* **EXTRACTED RECORDS**:
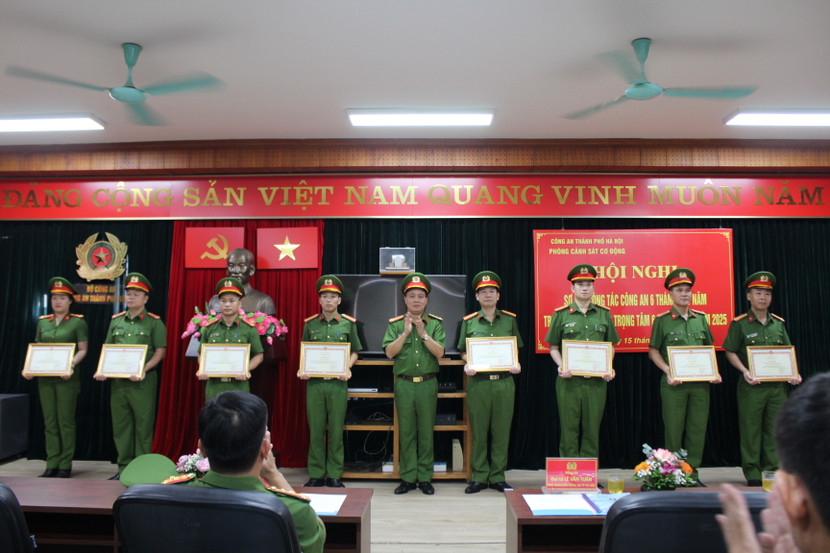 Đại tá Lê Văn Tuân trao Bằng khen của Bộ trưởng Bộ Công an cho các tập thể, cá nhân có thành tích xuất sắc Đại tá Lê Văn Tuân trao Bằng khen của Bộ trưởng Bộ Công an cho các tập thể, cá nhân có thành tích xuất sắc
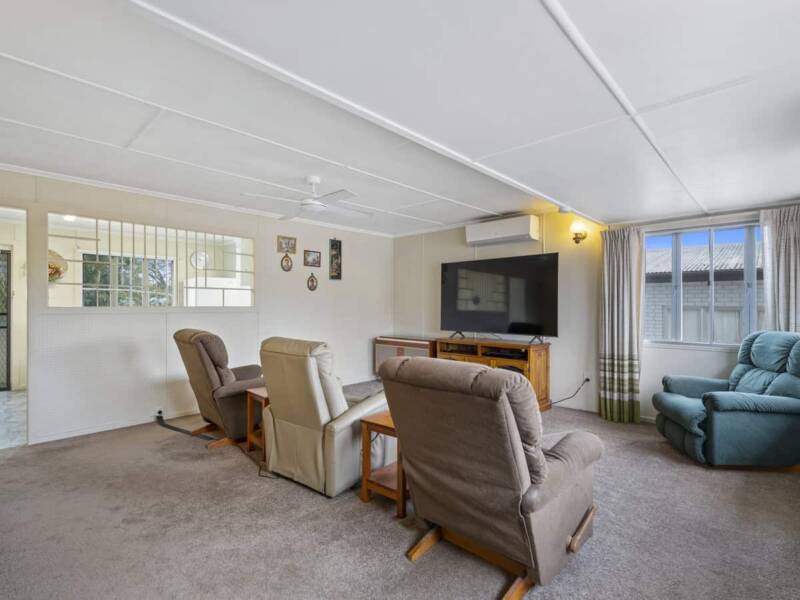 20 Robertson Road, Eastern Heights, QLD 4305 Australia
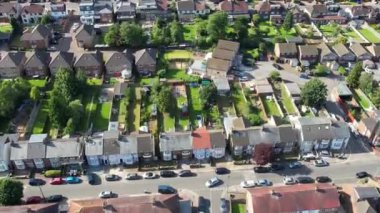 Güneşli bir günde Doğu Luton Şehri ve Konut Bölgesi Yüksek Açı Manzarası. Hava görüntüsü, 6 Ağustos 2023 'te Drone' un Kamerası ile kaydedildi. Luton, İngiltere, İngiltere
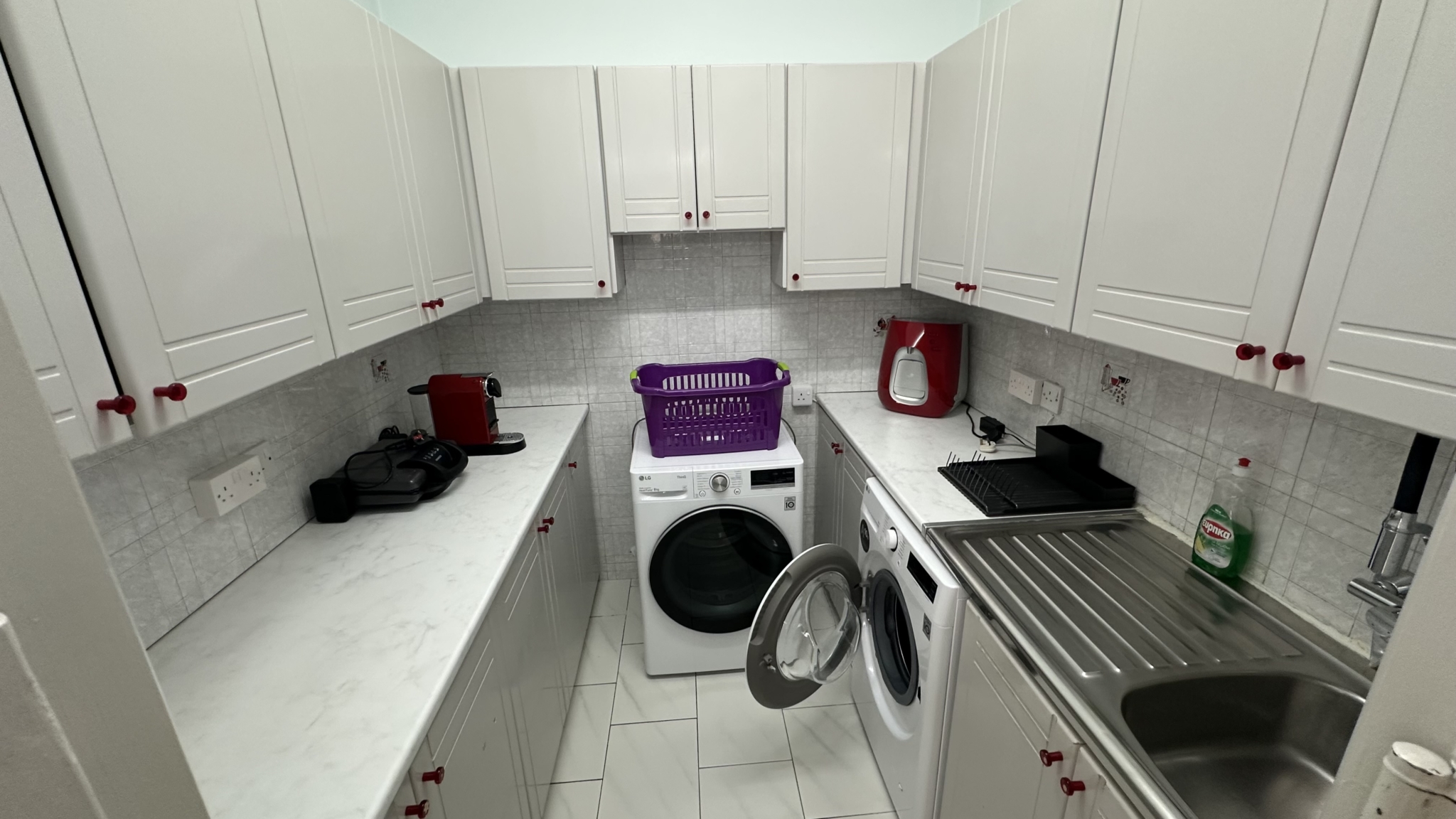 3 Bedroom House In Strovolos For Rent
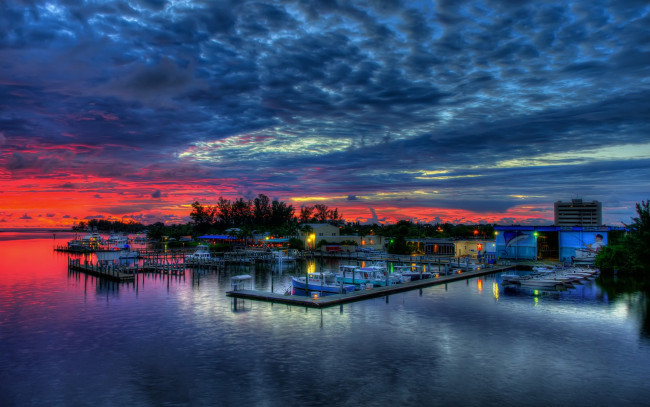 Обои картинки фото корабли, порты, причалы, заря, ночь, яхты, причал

...

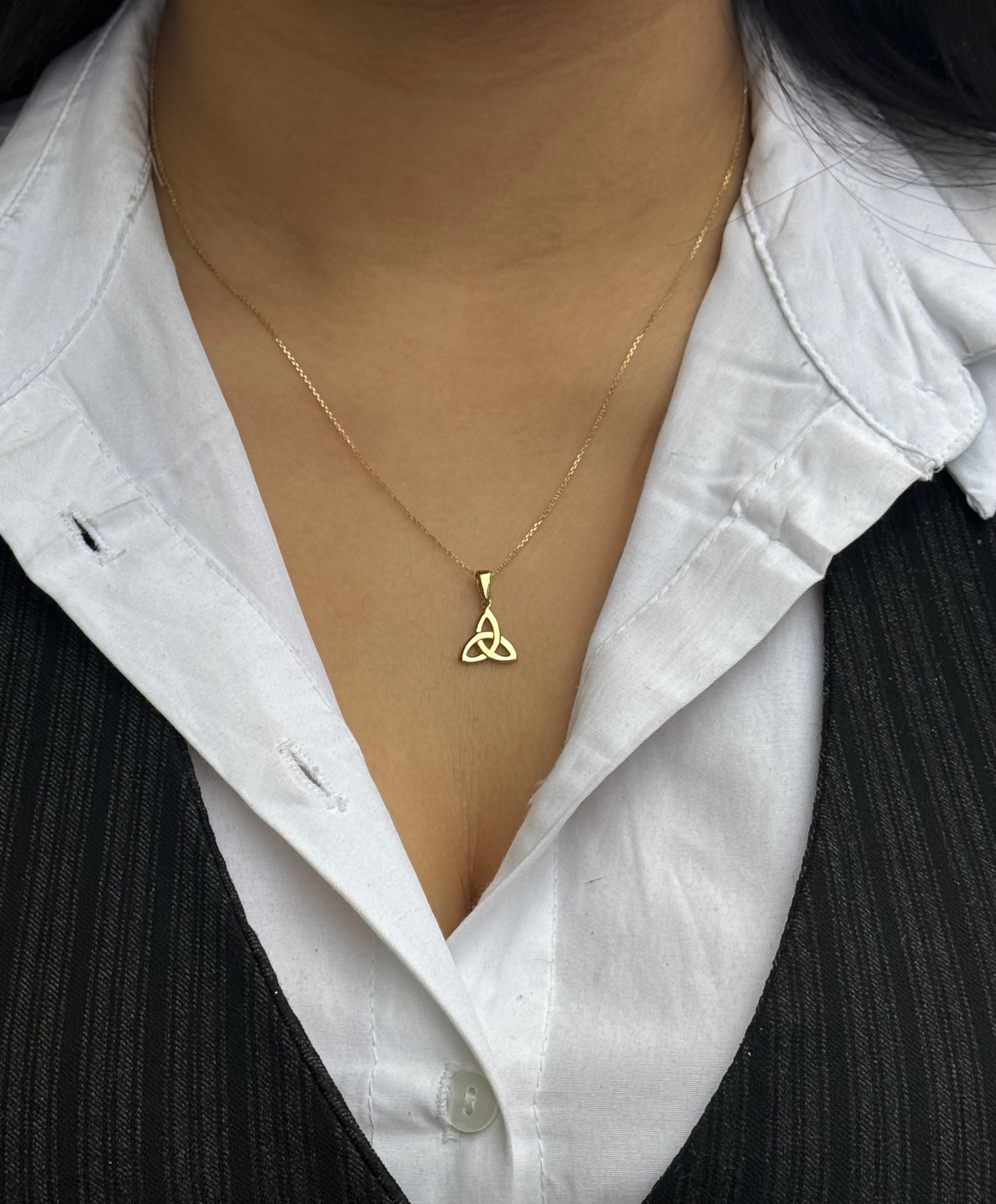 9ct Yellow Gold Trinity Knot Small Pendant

* **TASK OBJECTIVE**: From the material above, reproduce only what runs from the line holding "xuất sắc Đại" down to the line holding "20 Robertson Road, Eastern", both included, pictures excluded.

* **RESULT OF THIS TASK**:
 Đại tá Lê Văn Tuân trao Bằng khen của Bộ trưởng Bộ Công an cho các tập thể, cá nhân có thành tích xuất sắc Đại tá Lê Văn Tuân trao Bằng khen của Bộ trưởng Bộ Công an cho các tập thể, cá nhân có thành tích xuất sắc
 20 Robertson Road, Eastern Heights, QLD 4305 Australia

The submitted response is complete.